PROMPT: All of the data should be repeated exactly; pictures are not part of the copy.

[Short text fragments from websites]
_ _ _ _
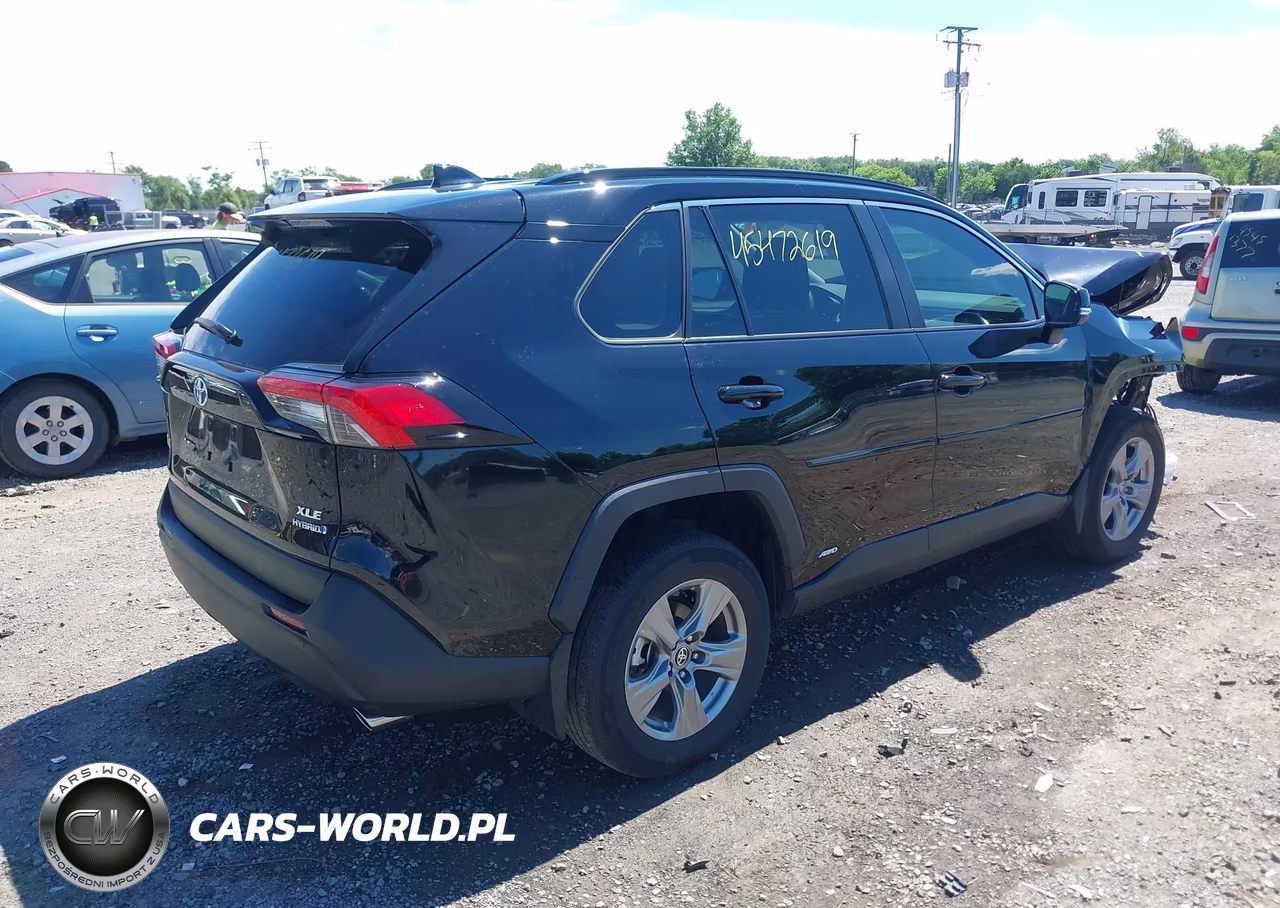 2024 Toyota Rav4 Hybrid Xle VIN:4T3RWRFV1RU148843 - 4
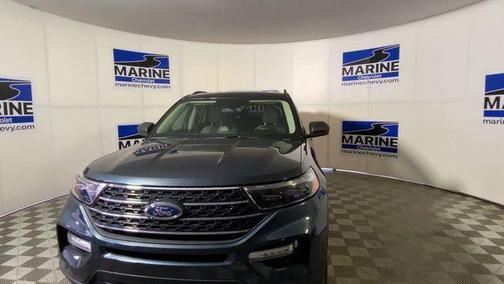 STONE BLUE METALLIC 2024 Ford Explorer XLT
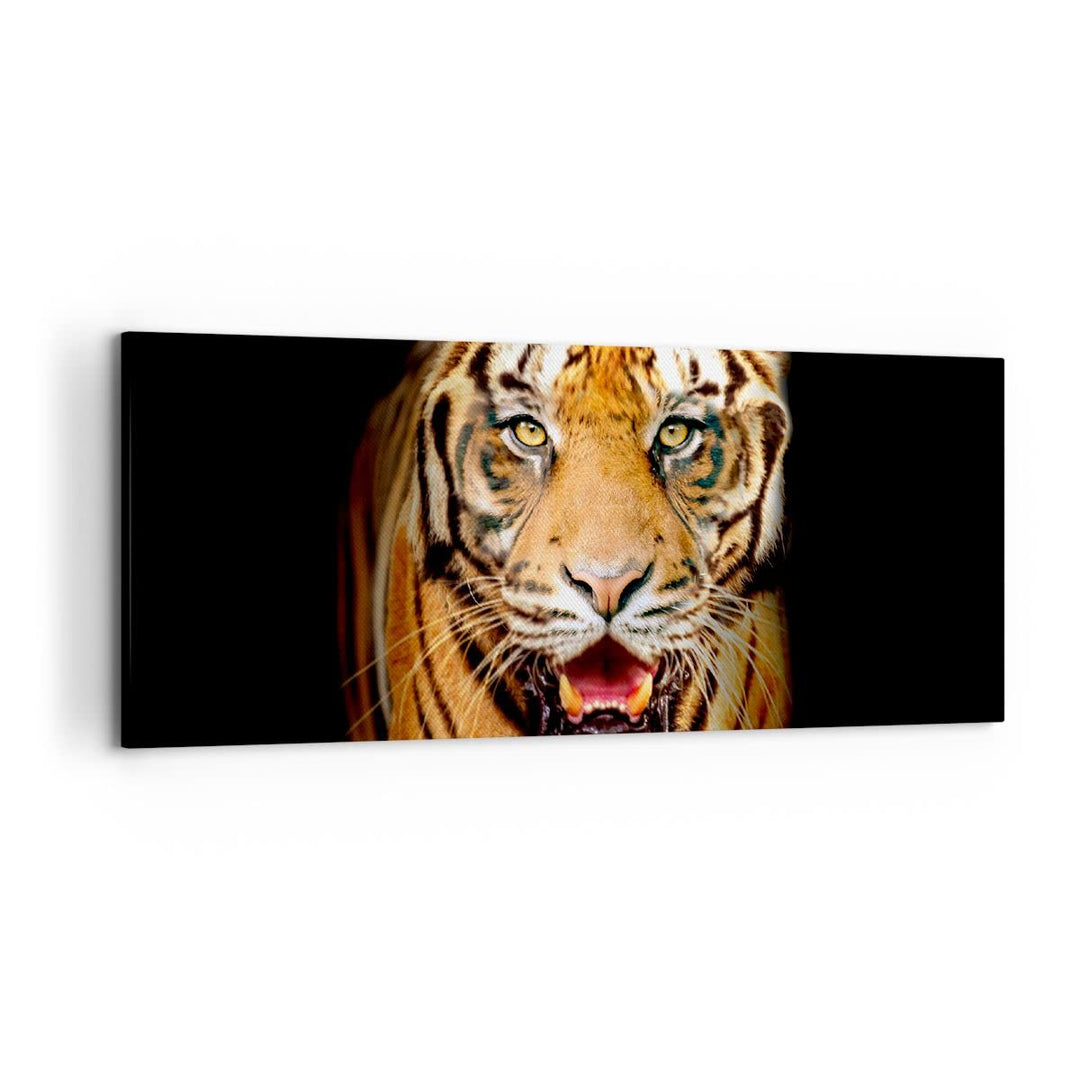 Wandbilder Dekoration Wohnzimmer tiger tier Panorama Bilder auf Leinwand 120x50cm Leinwandbild mit R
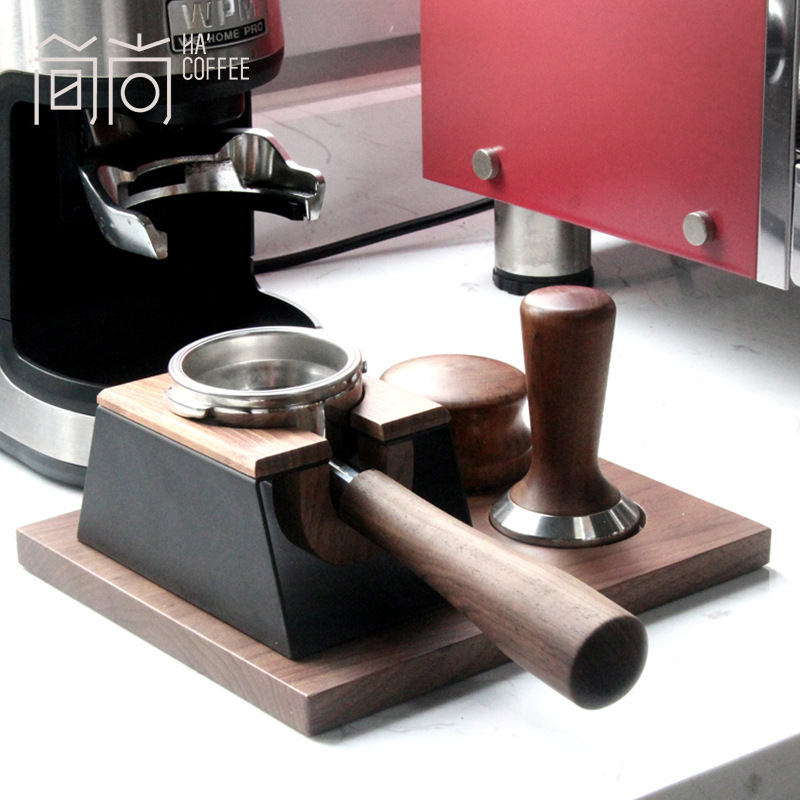 Coffee Machine Handle Non-Slip Universal Base Coffee Storage Box Handle Utensil Coffee Press Three-Piece Set Cross-Border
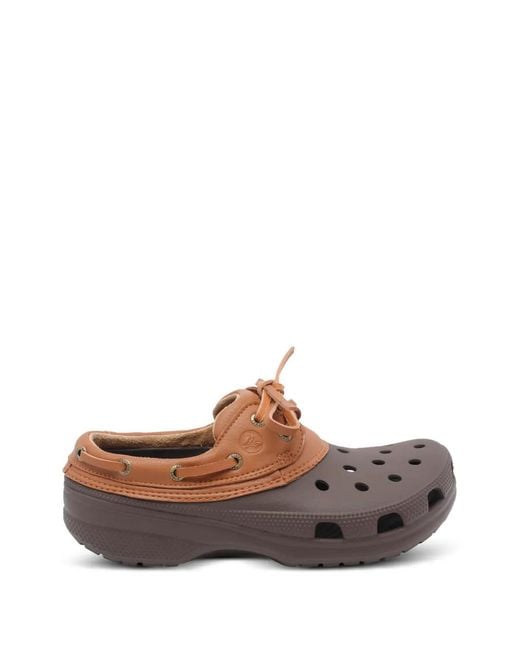 CROCSTM Brown Classic Boat Shoe Sandals for men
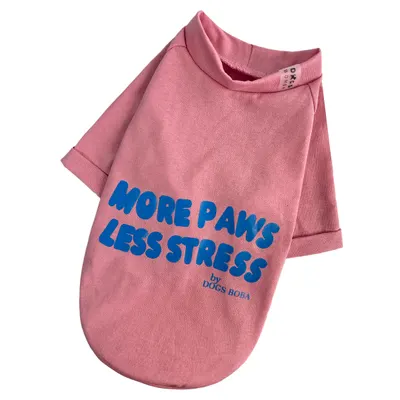 Футболка Less Stress пудра
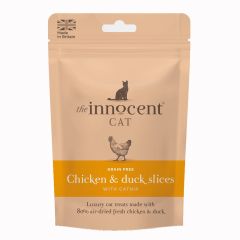 The Innocent Cat Chicken & Duck Slices with Catnip Grain-Free Cat Treats 70g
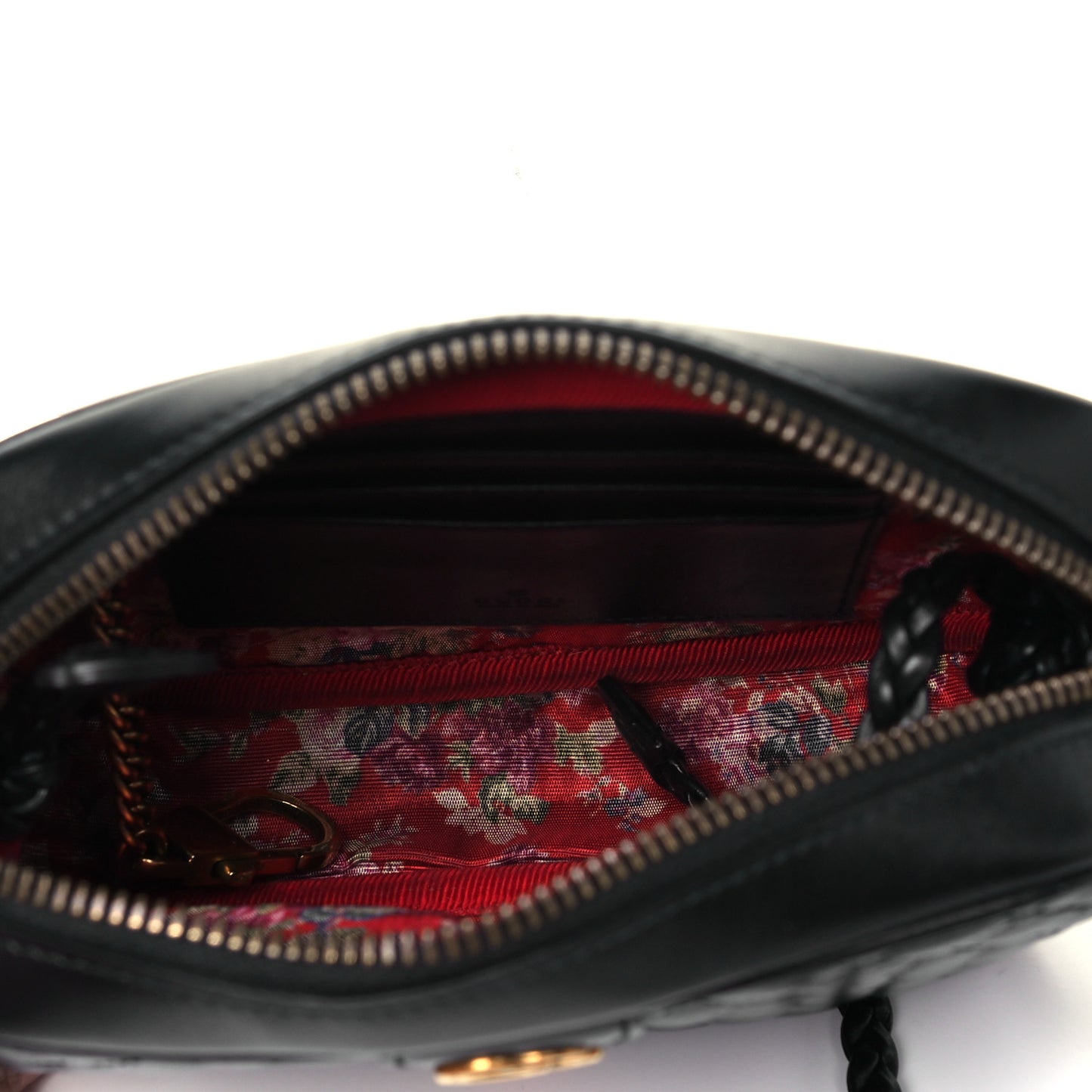 Calfskin Trapuntata Web Mini GG Shoulder Bag Black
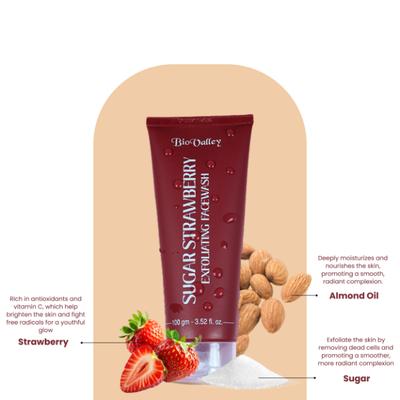 Bio Valley Sugar Strawberry Facewash 100 g - Personal Care(Homeopathy)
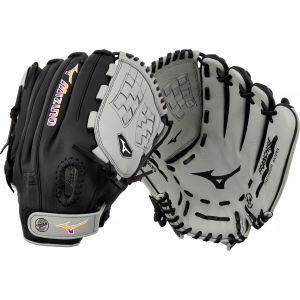 Mizuno 12.5" Franchise Series Fastpitch Glove, Grey/Black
_ _ _ _
SOLUTION FOR THIS TASK:
 2024 Toyota Rav4 Hybrid Xle VIN:4T3RWRFV1RU148843 - 4
 STONE BLUE METALLIC 2024 Ford Explorer XLT
 Wandbilder Dekoration Wohnzimmer tiger tier Panorama Bilder auf Leinwand 120x50cm Leinwandbild mit R
 Coffee Machine Handle Non-Slip Universal Base Coffee Storage Box Handle Utensil Coffee Press Three-Piece Set Cross-Border
 CROCSTM Brown Classic Boat Shoe Sandals for men
 Футболка Less Stress пудра
 The Innocent Cat Chicken & Duck Slices with Catnip Grain-Free Cat Treats 70g
 Calfskin Trapuntata Web Mini GG Shoulder Bag Black
 Bio Valley Sugar Strawberry Facewash 100 g - Personal Care(Homeopathy)
 Mizuno 12.5" Franchise Series Fastpitch Glove, Grey/Black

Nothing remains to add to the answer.